攻防 1 江崎グリコ社長の誘拐が事の始まり

「まだあるんだな~。30年以上も前ですからね。もうないかと思ってましたよ」
大阪の茨木市と摂津市の境界付近、安威川左岸の水防倉庫を見て、北芝氏が感慨深げな声を上げた。

この倉庫は、一連のグリコ・森永事件の端緒となる江崎グリコ社長誘拐事件で、江崎勝久社長(当時)が監禁されていた場所だ。背の高い草が生い茂る河川敷にポツンと建つ倉庫は、事件当時、テレビで見たのと同じ姿であった。
1984年3月18日、自宅で長男(11)、二女(4)と入浴中だった江崎社長は、風呂場から誘拐された。そして犯人は、身代金10億円と金塊100㎏を要求した。

だが、指定された受け渡し場所に犯人は現れず、事件は長引くかと思われたが、その矢先の21日、江崎社長は、この水防倉庫から脱出してきたのだった。
「警察に保護された江崎社長は当初、事情聴取にすんなりと応じていたんですが、グリコの幹部が駆けつけたときに、2人で20分ほど密談すると、めっきり話さなくなったんですよね」(北芝氏=以下同)
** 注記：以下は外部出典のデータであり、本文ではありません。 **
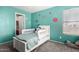 This charming bedroom has bright teal walls and a plush carpet and includes a white wooden bed frame at 18484 W Westfall Way, Surprise, AZ 85374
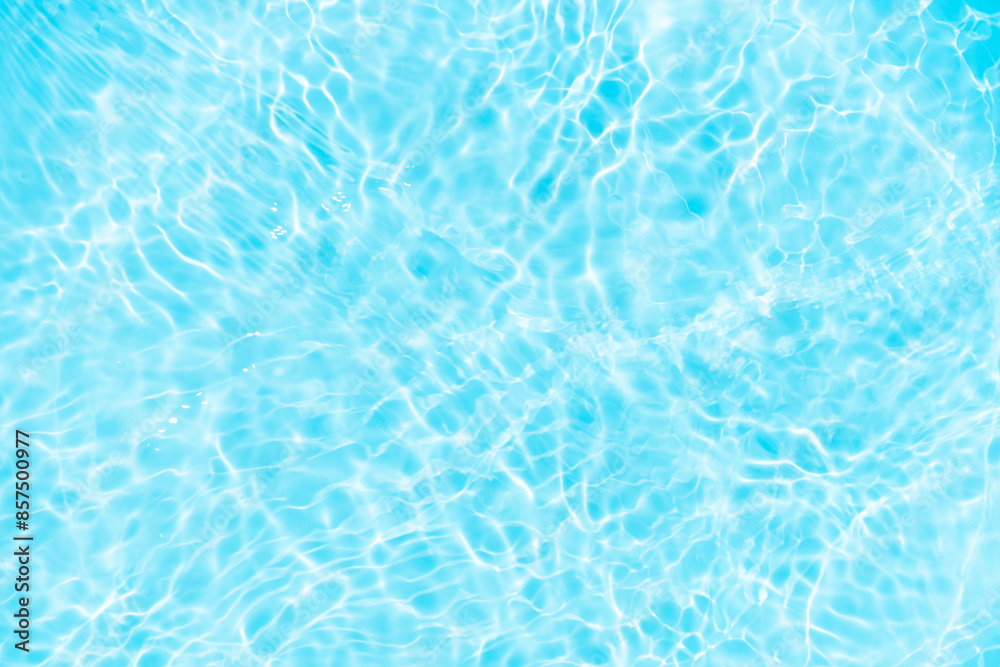 Blue water with ripples on the surface. Defocus blurred transparent blue colored clear calm water surface texture with splashes and bubbles. Water waves with shining pattern texture background. Blue water with ripples on the surface. Defocus blurred transparent blue colored clear calm water surface texture with splashes and bubbles. Water waves with shining pattern texture background.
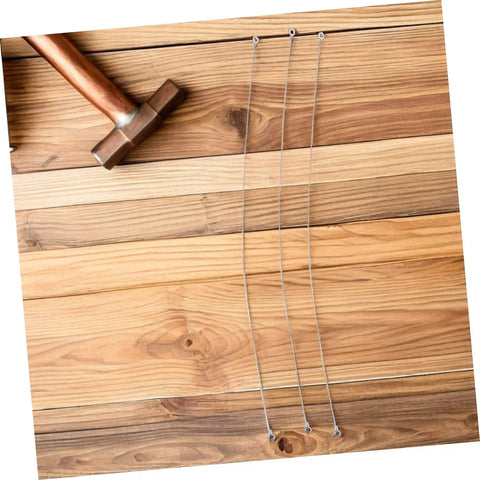 Get Your Sealer Back In Action With This Top Notch Heat Sealer Element Replacement Strip shown with silver Nichrome wires on wood.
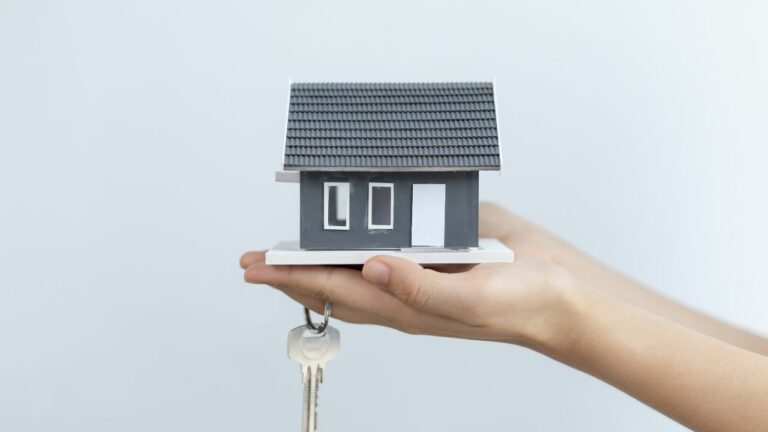 Una mano que sostiene una casa y una llave, para comunicar la idea sobre la propiedad privada.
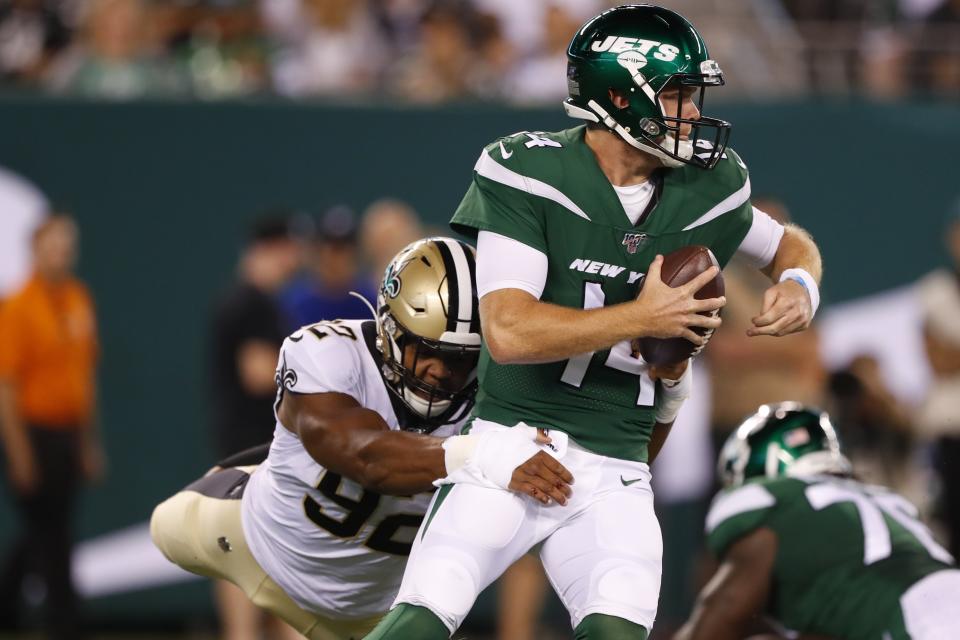 New York Jets quarterback Sam Darnold (14) breaks away from New Orleans Saints' Marcus Davenport (92) during the first half of a preseason NFL football game Saturday, Aug. 24, 2019, in East Rutherford, N.J. (AP Photo/Noah K. Murray)
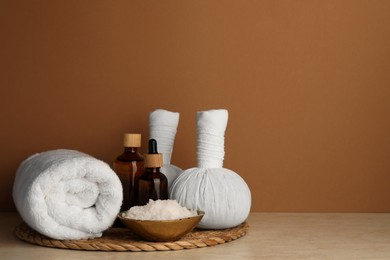 Photo of Composition with different spa products on beige table against brown background. Space for text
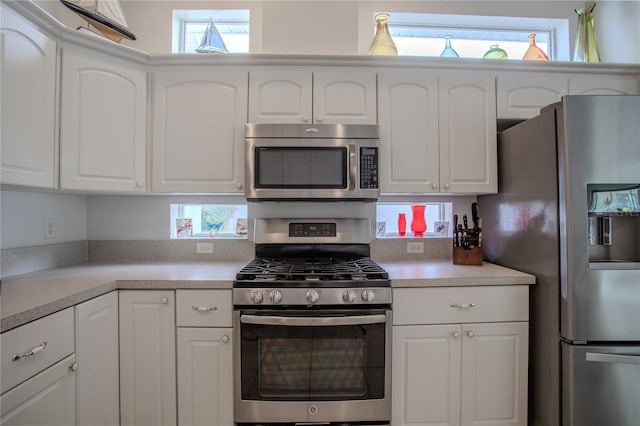 kitchen with a wealth of natural light, appliances with stainless steel finishes, and white cabinets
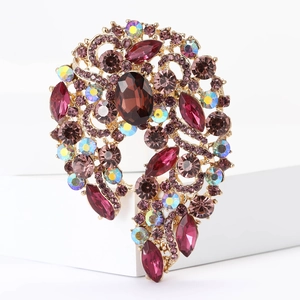 Macro detail of large purple crystal brooch with magenta rhinestones on gold alloy base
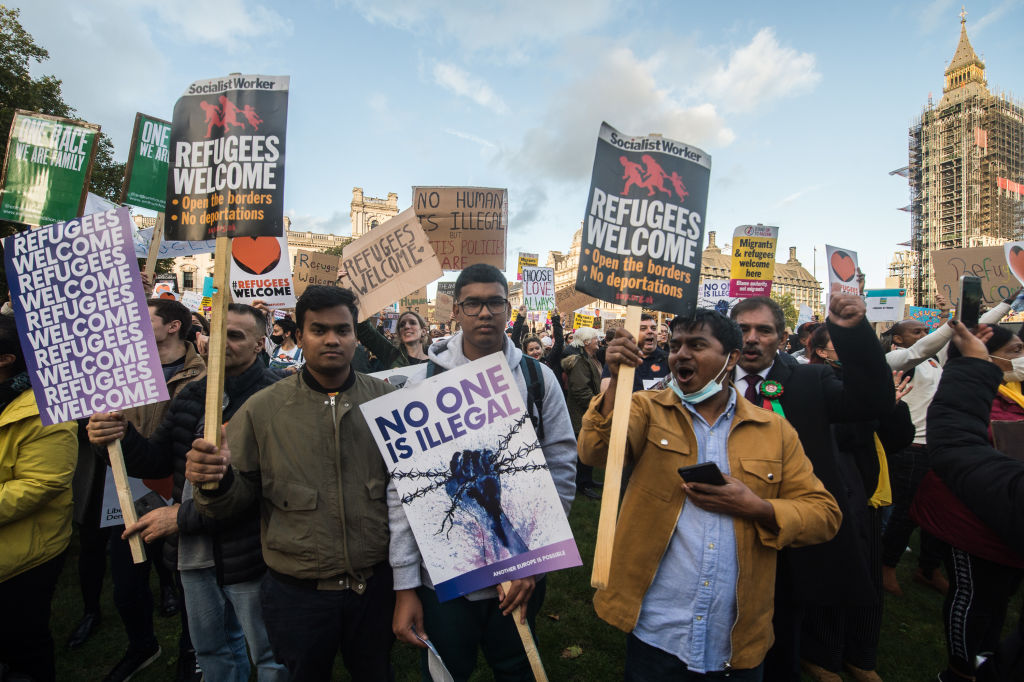 Protestors hold placards and react to the speakers during a rally called by Amnesty International and others in support of refugees in Parliment square on October 20, 2021.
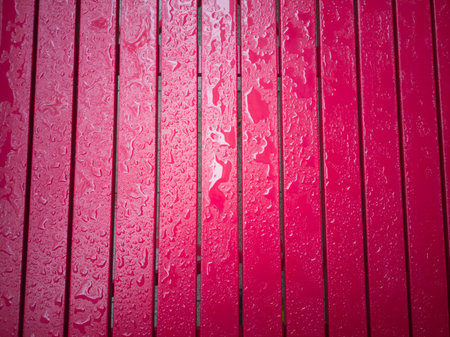 Close-up drops of water on red wooden background. November 18, 2018.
その後も犯人からグリコへの脅迫は続いたが、社長が救出されたこともあり、
グリコは犯人側の要求に応えなかった。すると犯人は、警察やマスコミへの挑戦状、江崎社長自宅への脅迫電話、グリコ本社及び関連子会社への放火、江崎社長の名前が書かれた塩酸入りポリ容器が発見されるなど、要求拒否への"報復"は過激になっていった。

4月23日、報道機関に届いた挑戦状で、犯人は初めて「かい人21面相」を名乗る。さらに5月10日に報道機関へ届いた挑戦状には、
「グリコをたべて びょう院え いこう」とあり、グリコ製品に青酸ソーダを混入し、バラ撒くという犯行予告の内容だった。
大手量販店はグリコ製品の撤去を始めた。

青酸ソーダによる脅迫は続く。5月と6月、グリコの取引先の香料製造会社に"3億円を出せば青酸ソーダの脅しをやめる"という旨の脅迫状が届く。商品撤去による売り上げ急減に喘いでいた同社は、取引に応じることにした。
3億円の受け渡し場所に指定されたのは、摂津市内の焼肉レストラン「大同門」。犯人の指示どおり、白いカローラと3億円を用意し、指定時間に待機した。車には、エンストを起こすよう細工がしてあった。車内にはグリコ社員2人が待機、トランクにはエンストを起こすスイッチを持った捜査員1人が潜伏し、周辺にも30人ほどの捜査員が張り込んだ。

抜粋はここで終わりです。